=== DATA SECTION ===

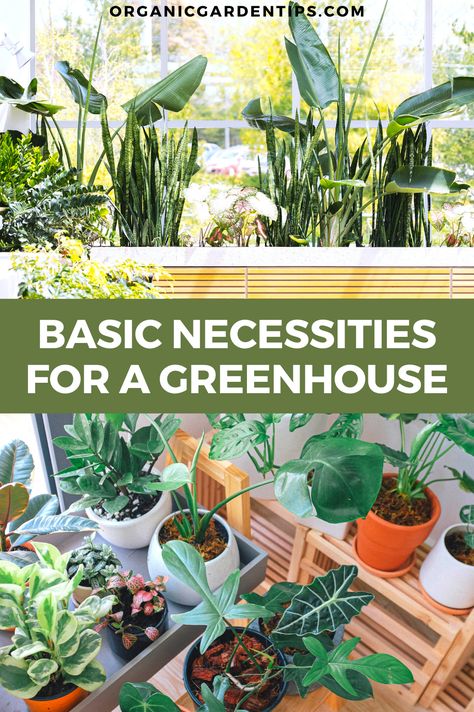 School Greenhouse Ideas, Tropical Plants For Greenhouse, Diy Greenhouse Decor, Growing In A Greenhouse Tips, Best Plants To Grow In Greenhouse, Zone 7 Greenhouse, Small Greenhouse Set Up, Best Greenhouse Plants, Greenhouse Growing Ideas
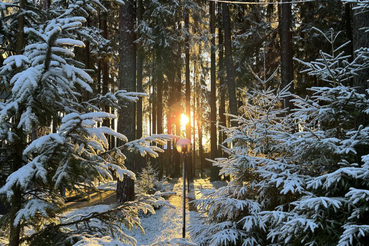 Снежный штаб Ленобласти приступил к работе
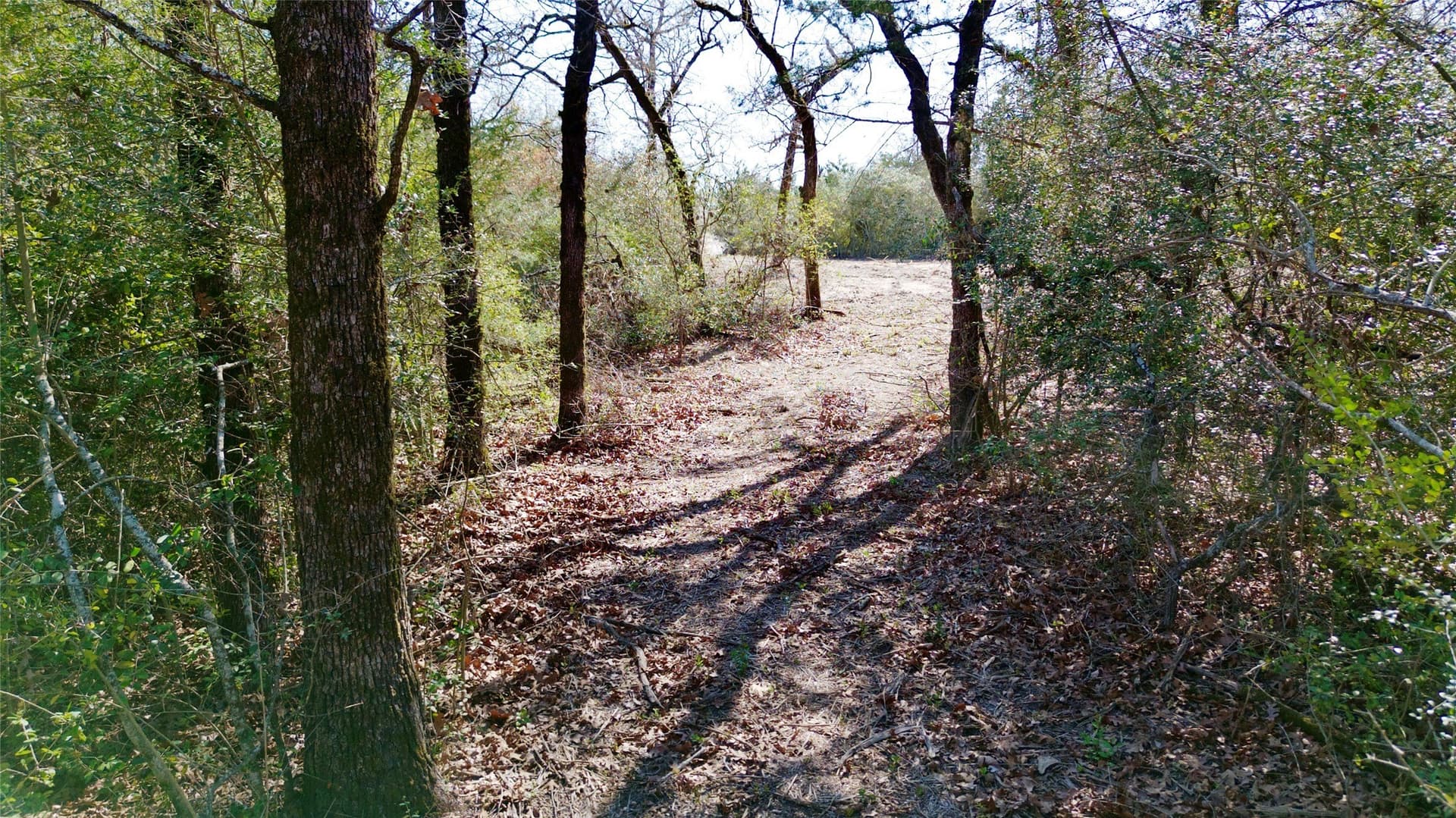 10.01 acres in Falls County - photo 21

===
=== DATA SECTION ===

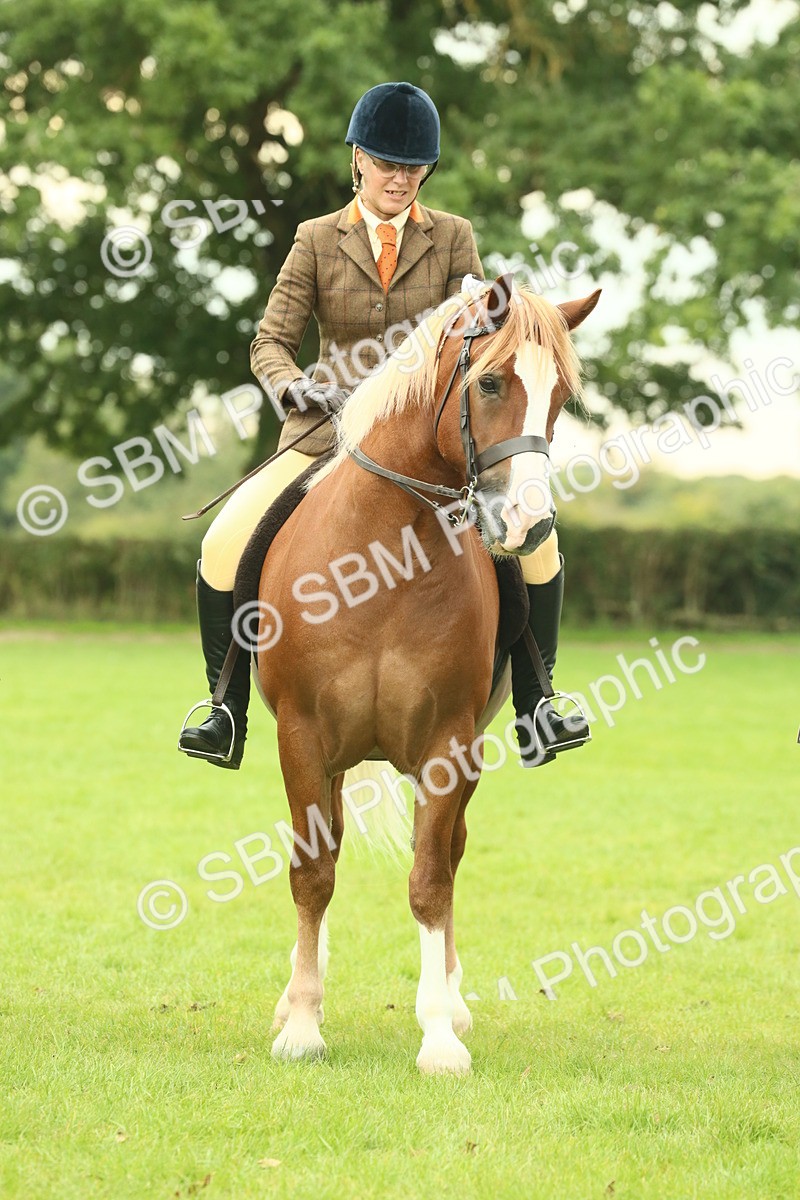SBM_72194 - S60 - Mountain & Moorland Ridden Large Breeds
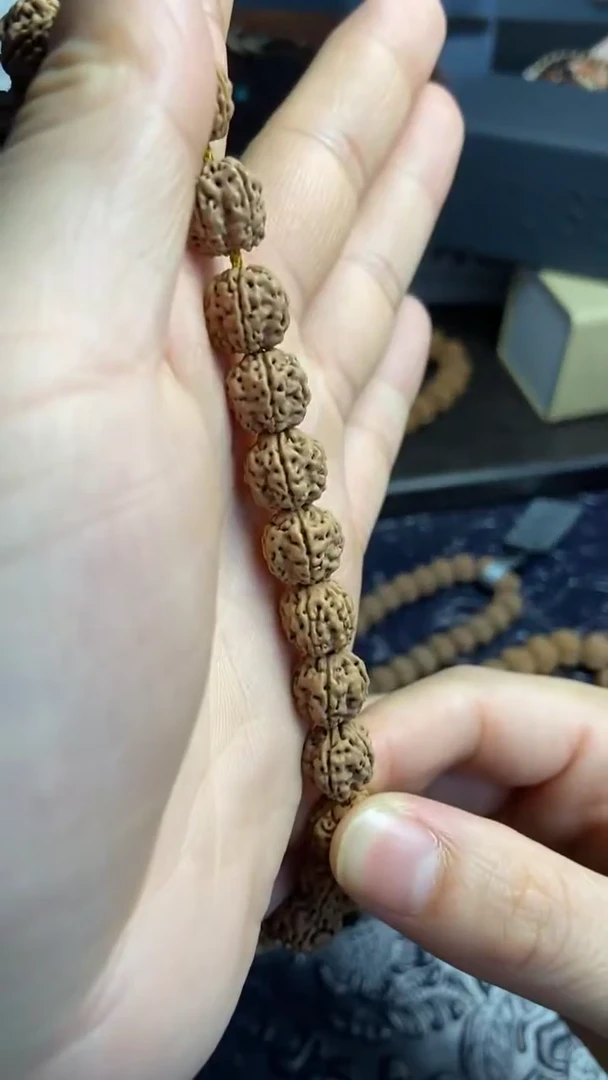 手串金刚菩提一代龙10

===

### EXERCISE BRIEF
For the material above, give again only the lines starting at the line that contains "School Greenhouse Ideas, Tropical" and ending at the line that contains "10.01 acres in Falls County - photo 21". Pictures do not belong in the copy.

### ANSWER TO THIS TASK
 School Greenhouse Ideas, Tropical Plants For Greenhouse, Diy Greenhouse Decor, Growing In A Greenhouse Tips, Best Plants To Grow In Greenhouse, Zone 7 Greenhouse, Small Greenhouse Set Up, Best Greenhouse Plants, Greenhouse Growing Ideas
 Снежный штаб Ленобласти приступил к работе
 10.01 acres in Falls County - photo 21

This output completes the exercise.